A tremendously useful soup-to-nuts study of how Britain and the U.S. embraced a frightening atomic age.



A scholarly filling-in of the chronological record shows how Churchill dropped the ball on nuclear weapons leadership in World War II.

Farmelo (The Strangest Man: The Hidden Life of Paul Dirac, Mystic of the Atom, 2009) constructs a nicely detailed and balanced record of the British ambivalence toward building an atom bomb in favor of the American effort, since Churchill’s infatuation with H.G. Wells and early acquaintance with scientist Frederick Lindemann in 1921. The author tracks the working friendship between Churchill and Lindemann, the Oxford professor who directed the Clarendon Laboratory (as counterpoint to Cambridge’s Cavendish Laboratory, run by Ernest Rutherford, “the Christopher Columbus of the atomic nucleus”) and largely helped cultivate Churchill’s education in quantum theory, however faulty.
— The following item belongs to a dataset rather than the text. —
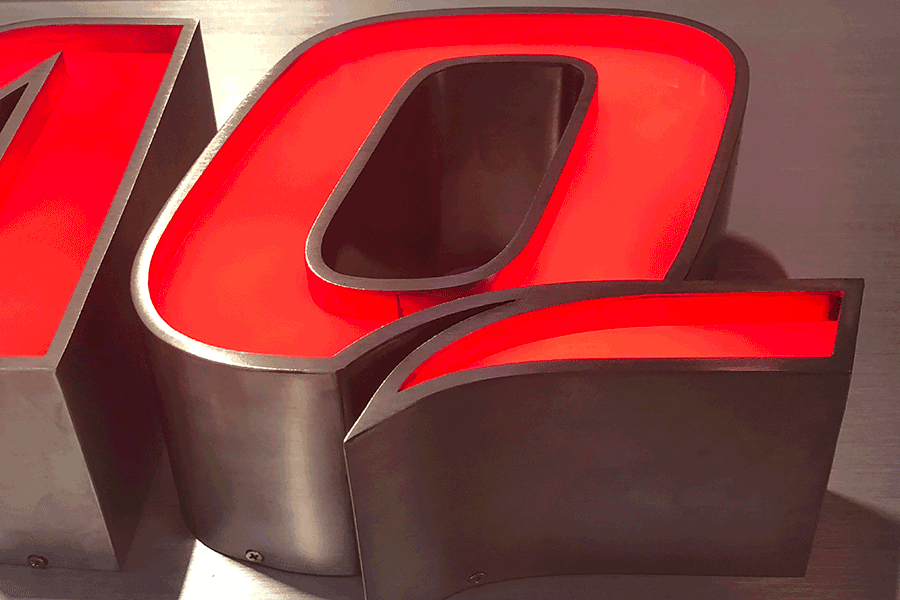 设计制作不锈钢包边字有哪些工序和工艺流程？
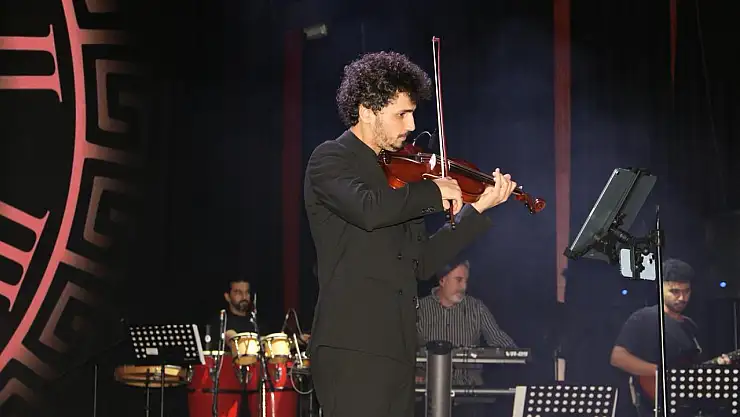 İnönü Üniversitesinde 50. Yıl Özel Solo Keman Konseri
While the 1930s-era Cambridge physics department had been instrumental in discovering the neutron and in artificially splitting atomic nuclei, Lindemann also helped entice many refugee scientists from Nazi Germany—e.g., Hungarian Leó Szilárd, who developed the harnessing of nuclear energy, among others. As adviser to Churchill, Lindemann helped guide Churchill’s theories of creating a weapon of mass destruction to counter what he saw early on as a terrifying Nazi menace. Although many refugee scientists were developing feasible theories about the making of an actual bomb, Churchill got distracted with waging the Battle of Britain, and Lindemann’s ideas were often questioned by his scientific colleagues. Meanwhile, other refugees, such as Neils Bohr and Enrico Fermi, discoverers of nuclear fission, had migrated to American universities and were working hard on a weapon. Merging the two efforts would prove prickly and problematic, as delineated step by step by the author.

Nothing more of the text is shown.